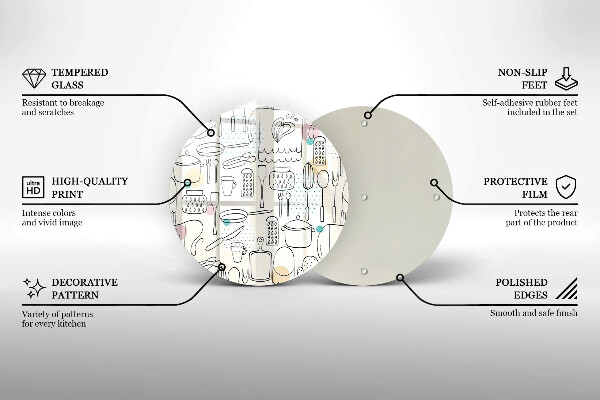 Tocător de bucătărie Accesorii pentru bucatarie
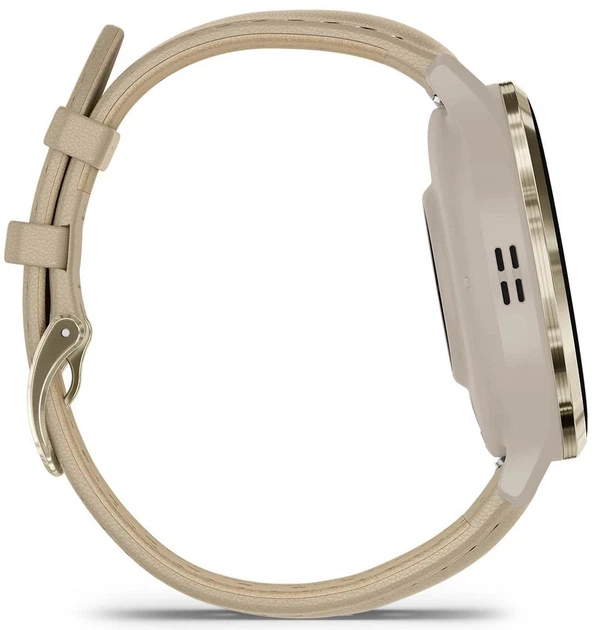 Смарт-годинник GARMIN Venu 3S Soft Gold S. Steel Bezel w. French Gray Case and Leather Band (010-02785-55) - Фото 7 Смарт-годинник GARMIN Venu 3S Soft Gold S. Steel Bezel w. French Gray Case and Leather Band (010-02785-55) - изображение 7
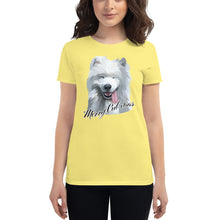 Load image into Gallery viewer, "Merry Cub-Mas" Women's Short Sleeve T-Shirt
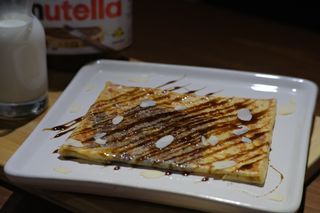 Crêpe Nutella & Banane Ou Fraise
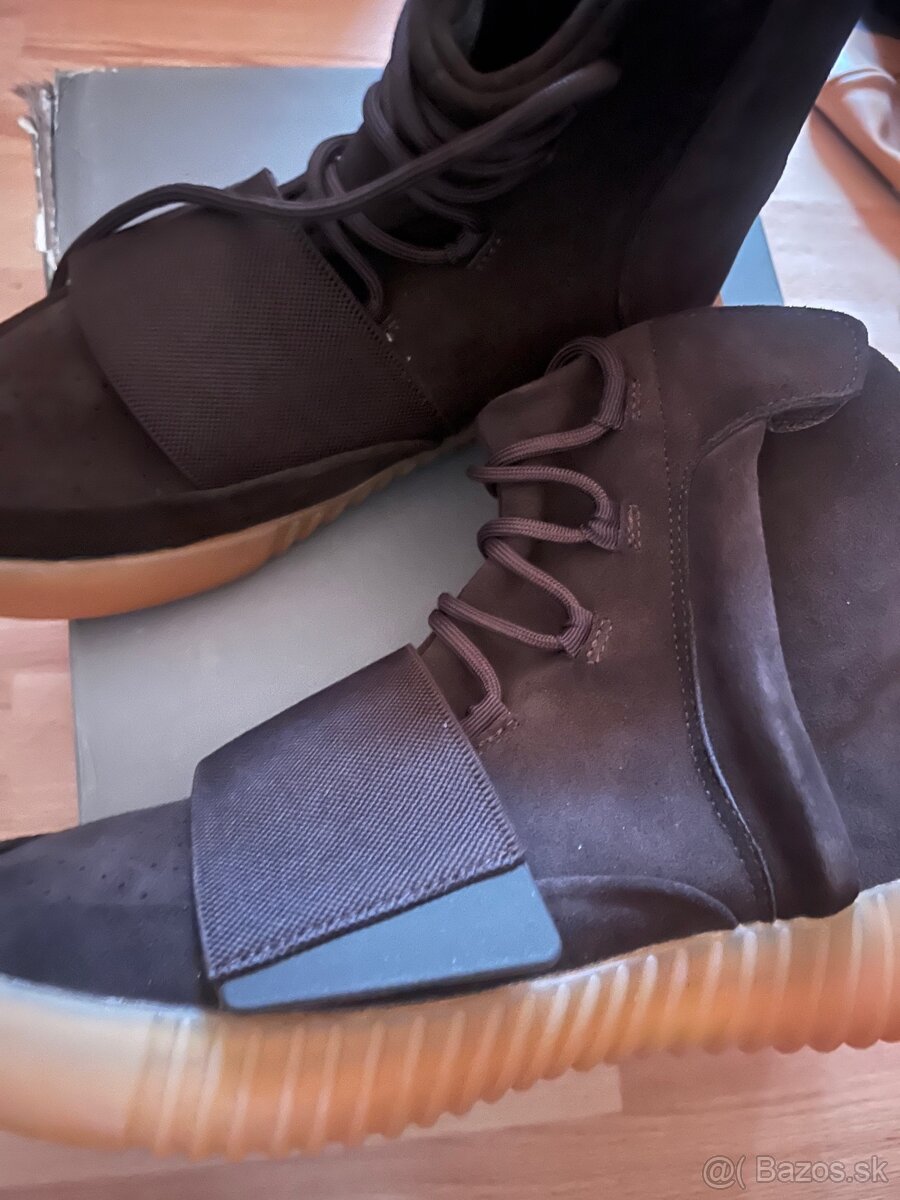 Adidas yeezy 750 Chocolate - 4
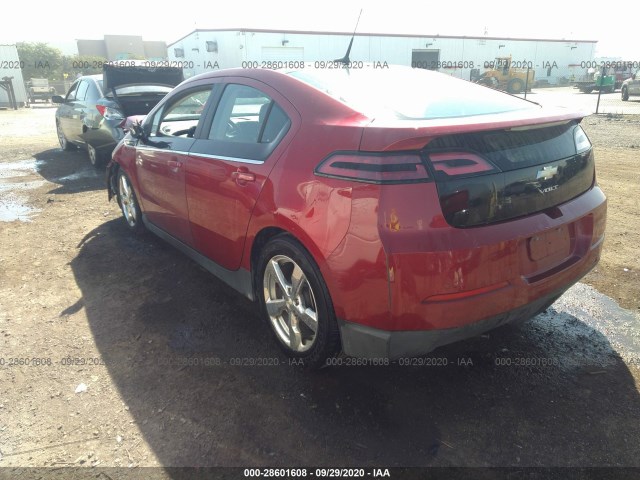 Photo 2 VIN: 1G1RD6E42BU100924 - CHEVROLET VOLT 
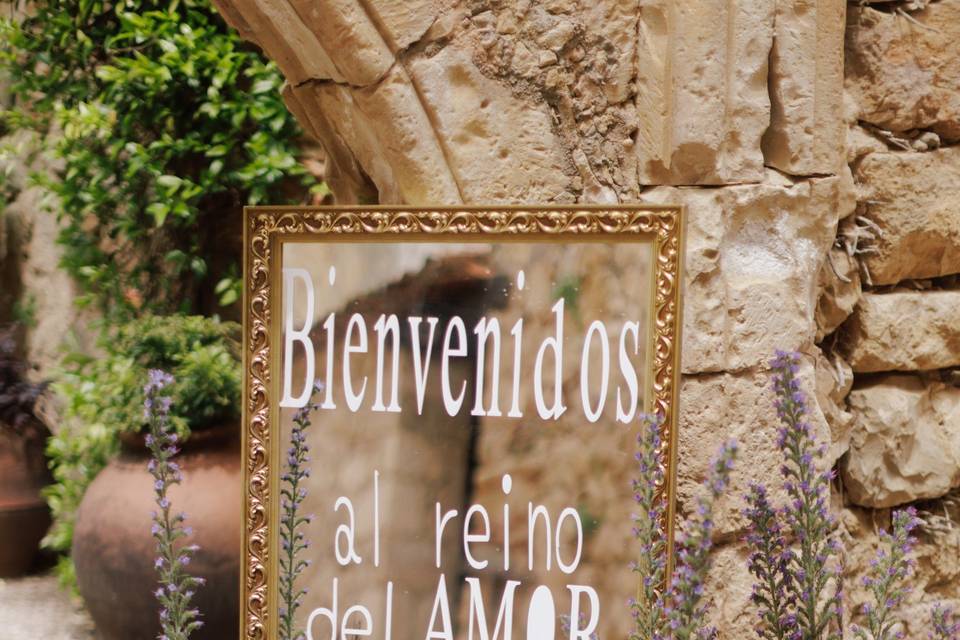 Bienvenidas llenas de amor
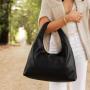 Women's Handbag Soft Leather Slouchy Hobo Shoulder Bag Large Capacity Handmade Tote Classy Shopping Bags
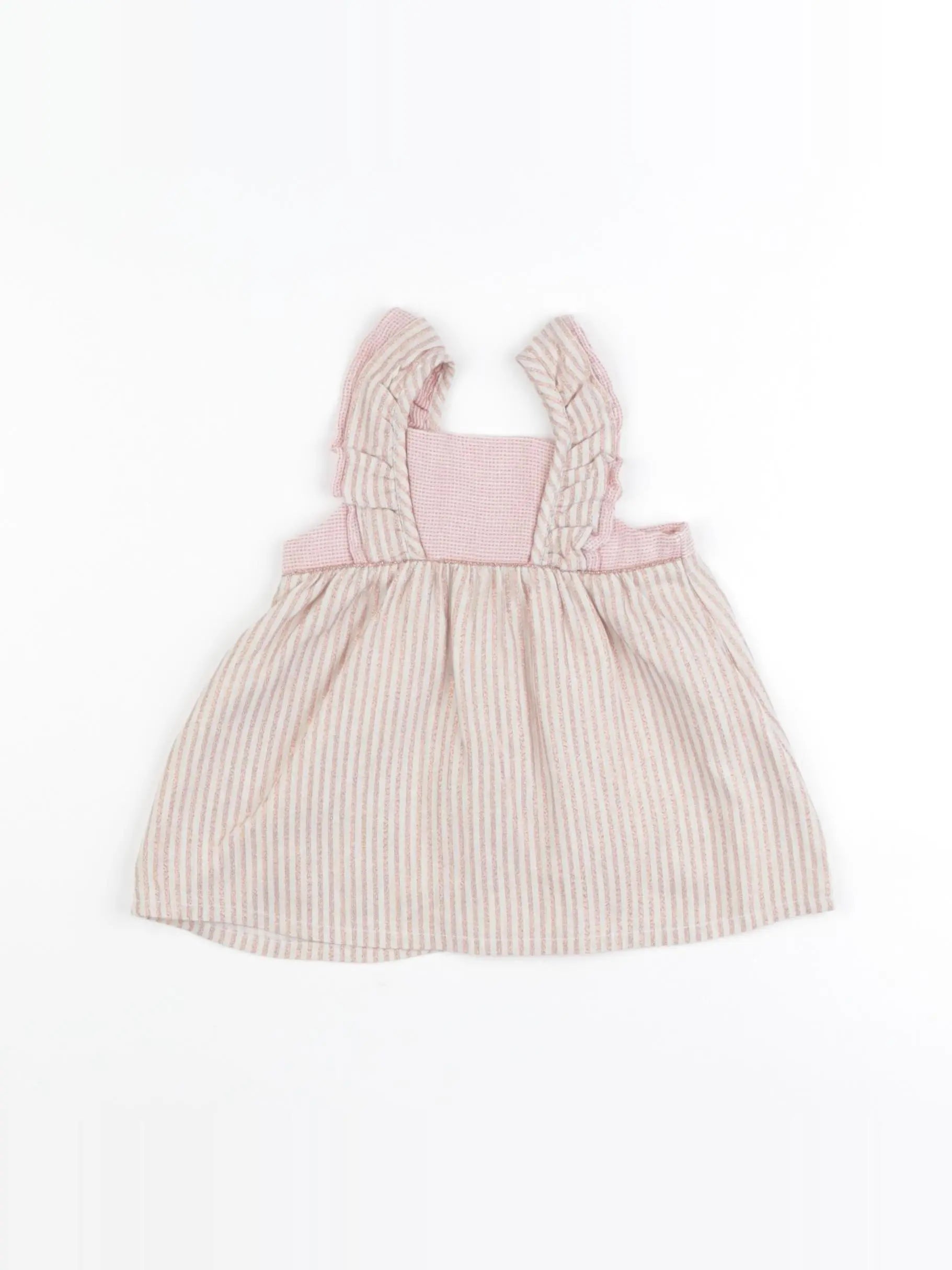 Moulin Roty - blouse beige, bronze - 6 mois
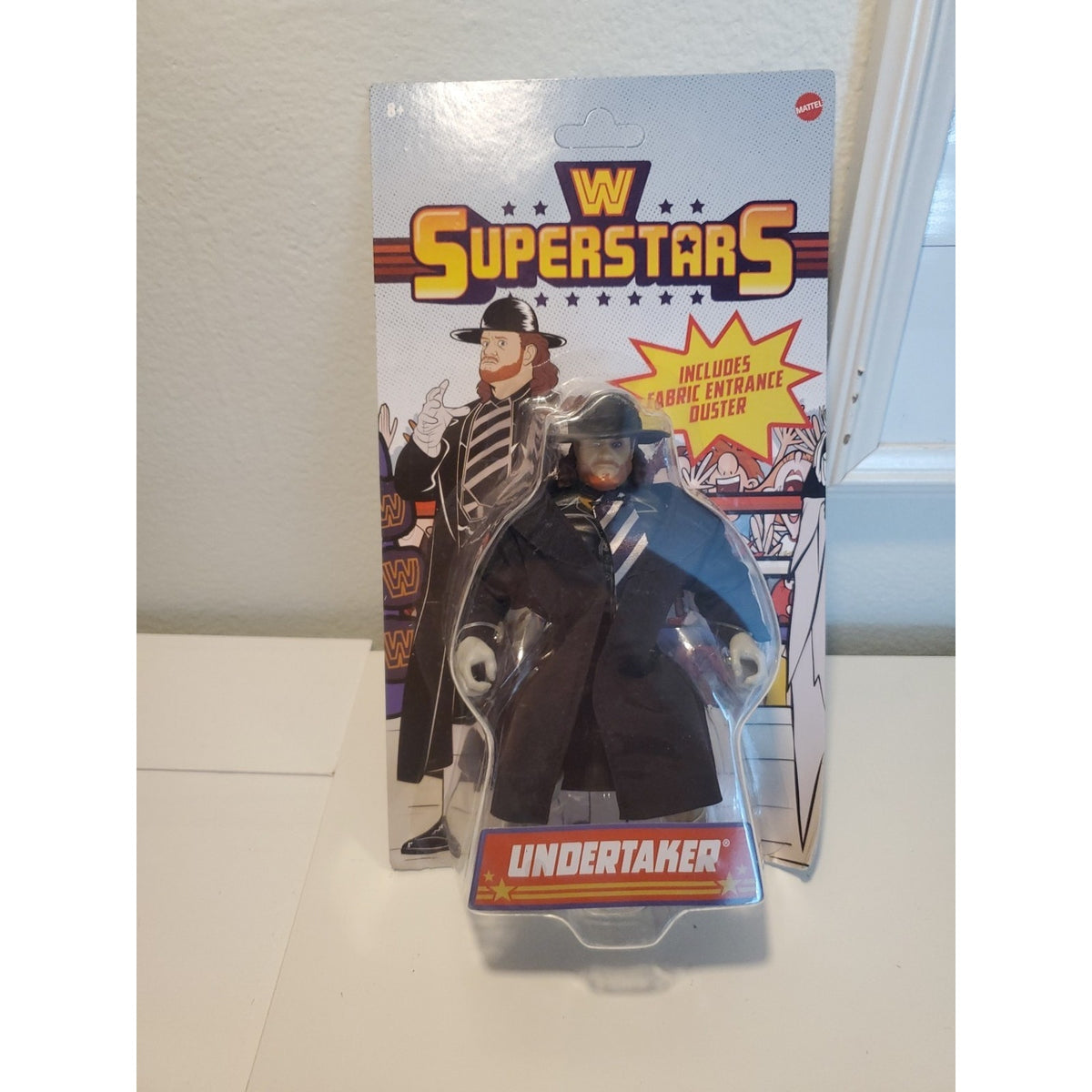 WWE Undertaker Superstars Series 3 Walmart Wrestling Figure Mattel
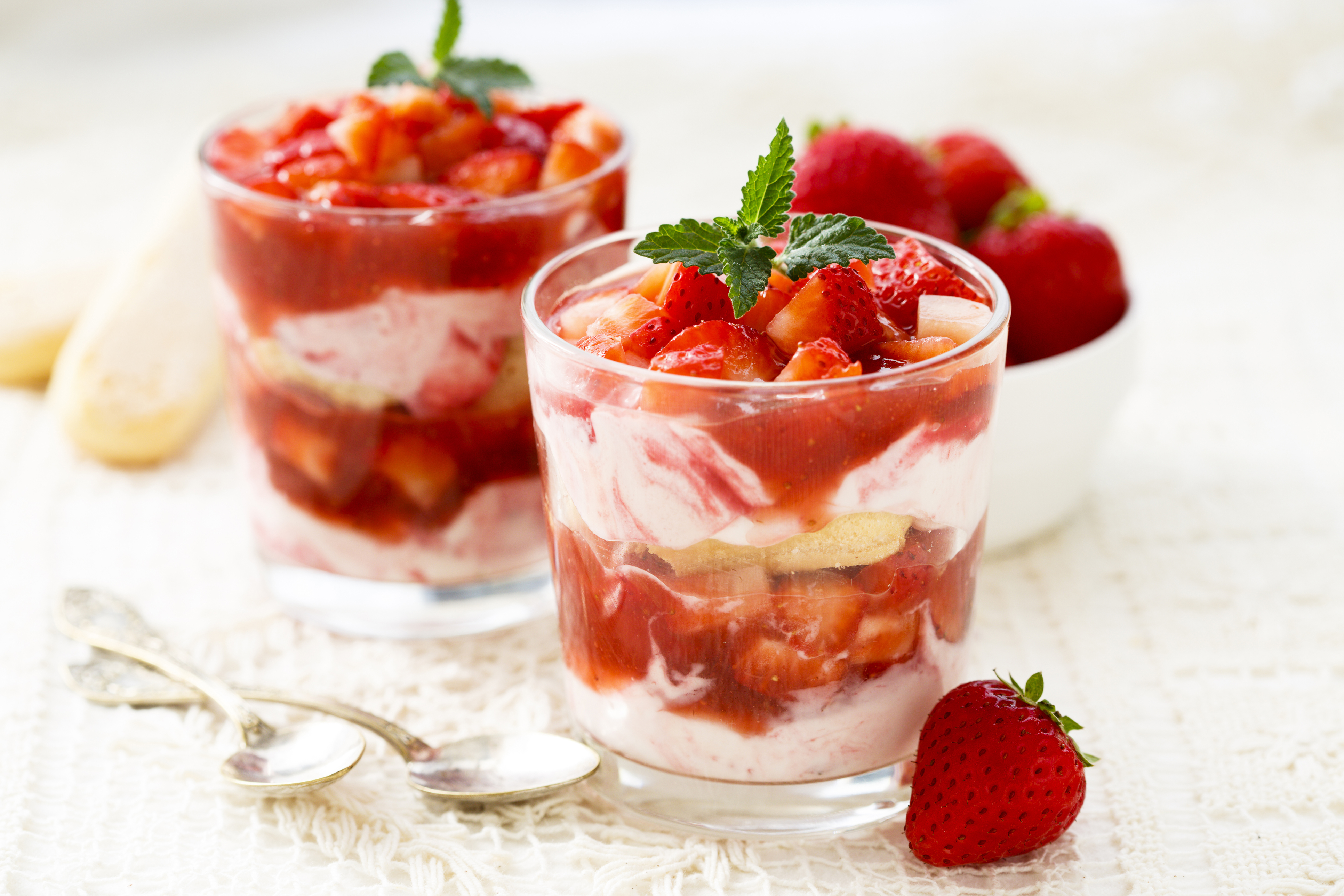 Tiramisu-fraises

_____

- **Directions**
Pictures aside, the material must be written out word for word.

- **Output below**
 Tocător de bucătărie Accesorii pentru bucatarie
 Смарт-годинник GARMIN Venu 3S Soft Gold S. Steel Bezel w. French Gray Case and Leather Band (010-02785-55) - Фото 7 Смарт-годинник GARMIN Venu 3S Soft Gold S. Steel Bezel w. French Gray Case and Leather Band (010-02785-55) - изображение 7
 Load image into Gallery viewer, "Merry Cub-Mas" Women's Short Sleeve T-Shirt
 Crêpe Nutella & Banane Ou Fraise
 Adidas yeezy 750 Chocolate - 4
 Photo 2 VIN: 1G1RD6E42BU100924 - CHEVROLET VOLT 
 Bienvenidas llenas de amor
 Women's Handbag Soft Leather Slouchy Hobo Shoulder Bag Large Capacity Handmade Tote Classy Shopping Bags
 Moulin Roty - blouse beige, bronze - 6 mois
 WWE Undertaker Superstars Series 3 Walmart Wrestling Figure Mattel
 Tiramisu-fraises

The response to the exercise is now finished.